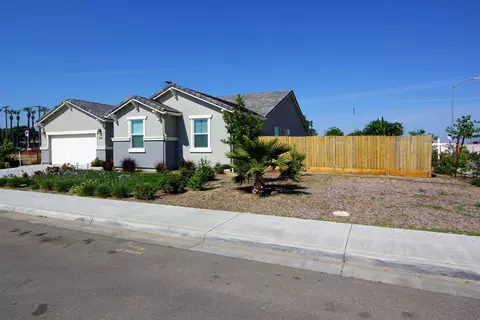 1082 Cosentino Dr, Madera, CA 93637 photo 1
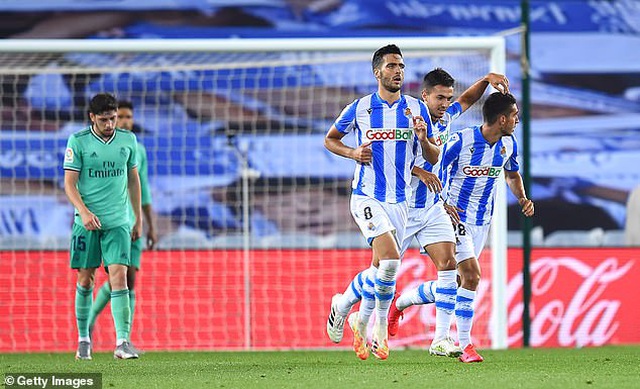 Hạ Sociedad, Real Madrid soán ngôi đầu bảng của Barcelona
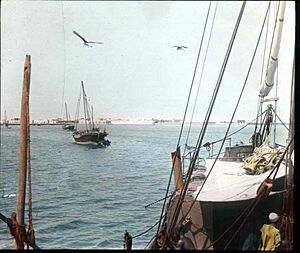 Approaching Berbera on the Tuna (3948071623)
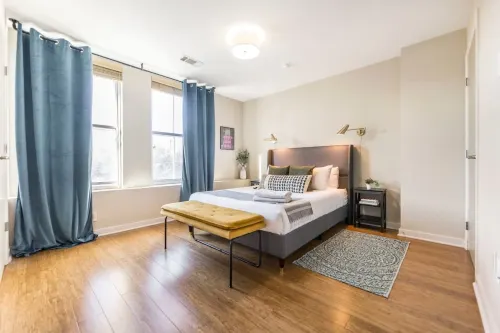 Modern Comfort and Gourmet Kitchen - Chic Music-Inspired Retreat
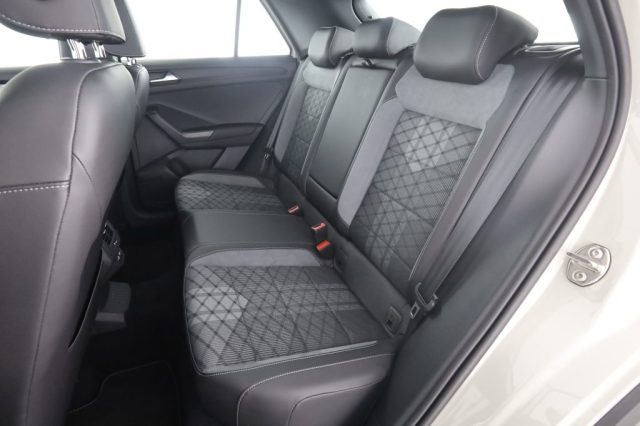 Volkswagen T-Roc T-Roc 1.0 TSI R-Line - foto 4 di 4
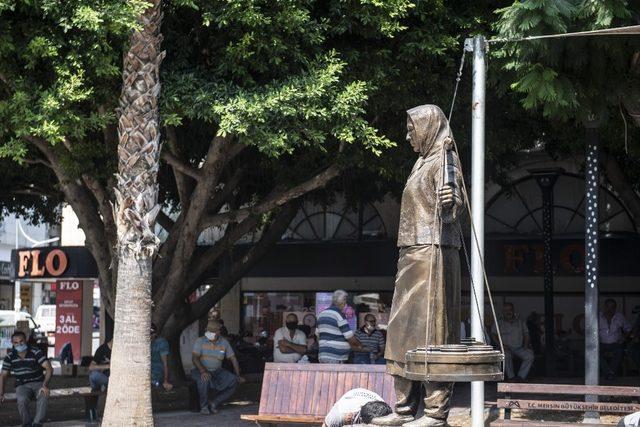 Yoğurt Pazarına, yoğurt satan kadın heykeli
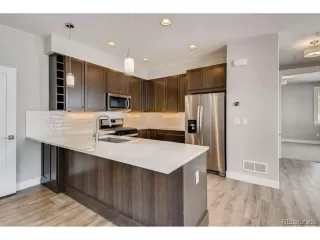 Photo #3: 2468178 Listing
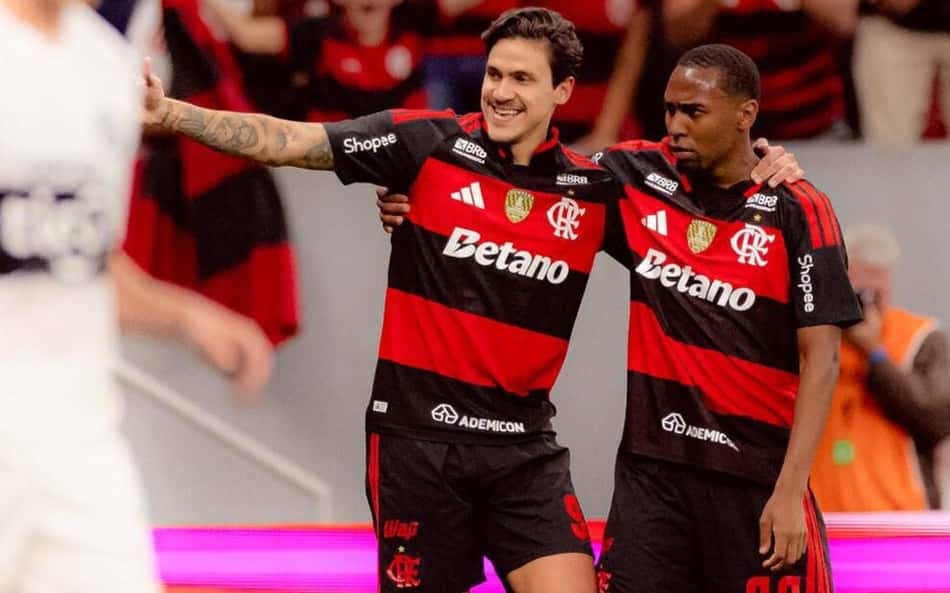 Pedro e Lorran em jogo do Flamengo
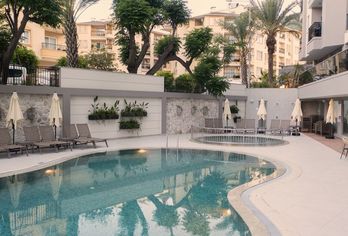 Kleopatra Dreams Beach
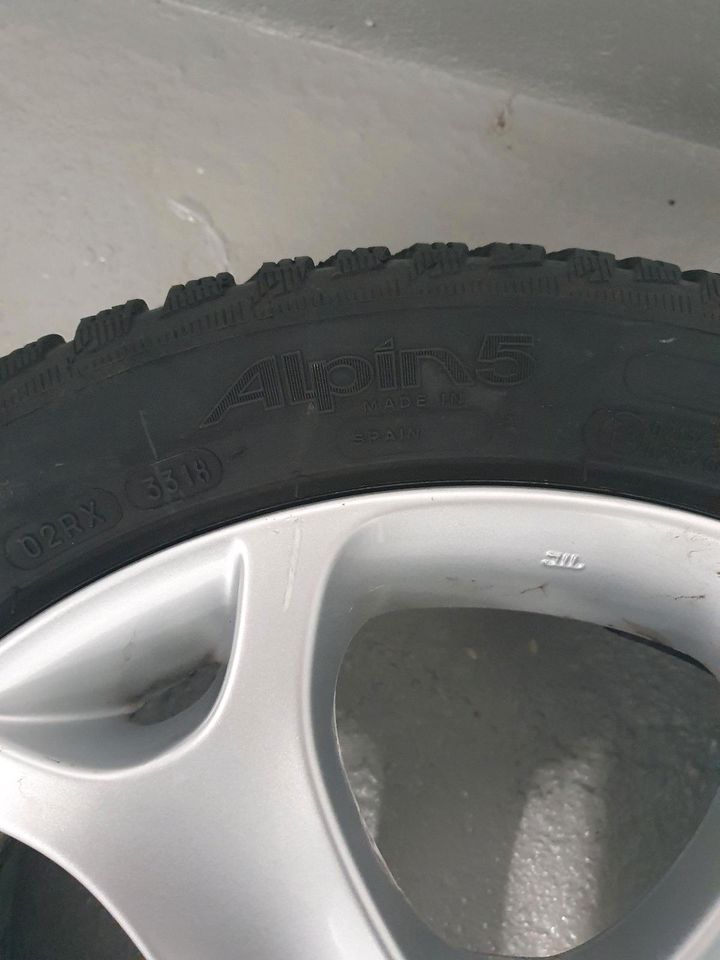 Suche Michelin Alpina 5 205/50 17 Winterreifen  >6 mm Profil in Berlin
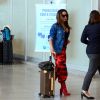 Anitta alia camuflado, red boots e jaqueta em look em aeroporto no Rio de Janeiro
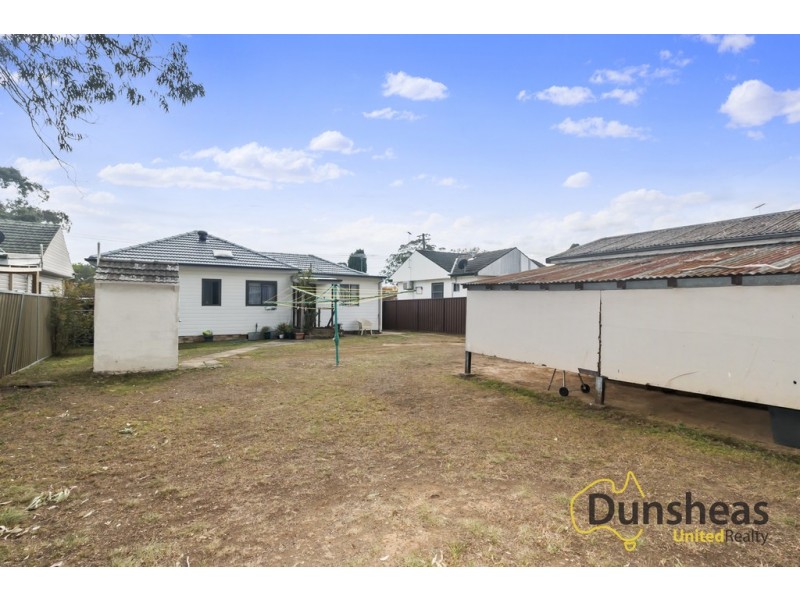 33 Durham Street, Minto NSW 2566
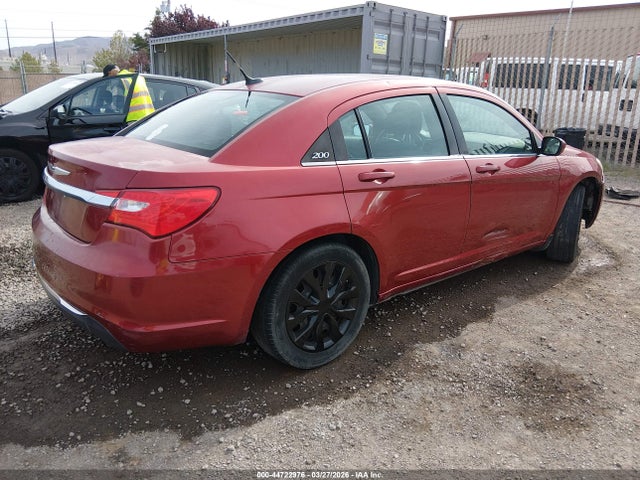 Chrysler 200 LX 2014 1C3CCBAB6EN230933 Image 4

*Work item:*
Exact lines only, please. Repeat everything from the top of the records through the line containing "Photo #3: 2468178 Listing", both ends in and pictures out.

*Response to the exercise:*
 1082 Cosentino Dr, Madera, CA 93637 photo 1
 Hạ Sociedad, Real Madrid soán ngôi đầu bảng của Barcelona
 Approaching Berbera on the Tuna (3948071623)
 Modern Comfort and Gourmet Kitchen - Chic Music-Inspired Retreat
 Volkswagen T-Roc T-Roc 1.0 TSI R-Line - foto 4 di 4
 Yoğurt Pazarına, yoğurt satan kadın heykeli
 Photo #3: 2468178 Listing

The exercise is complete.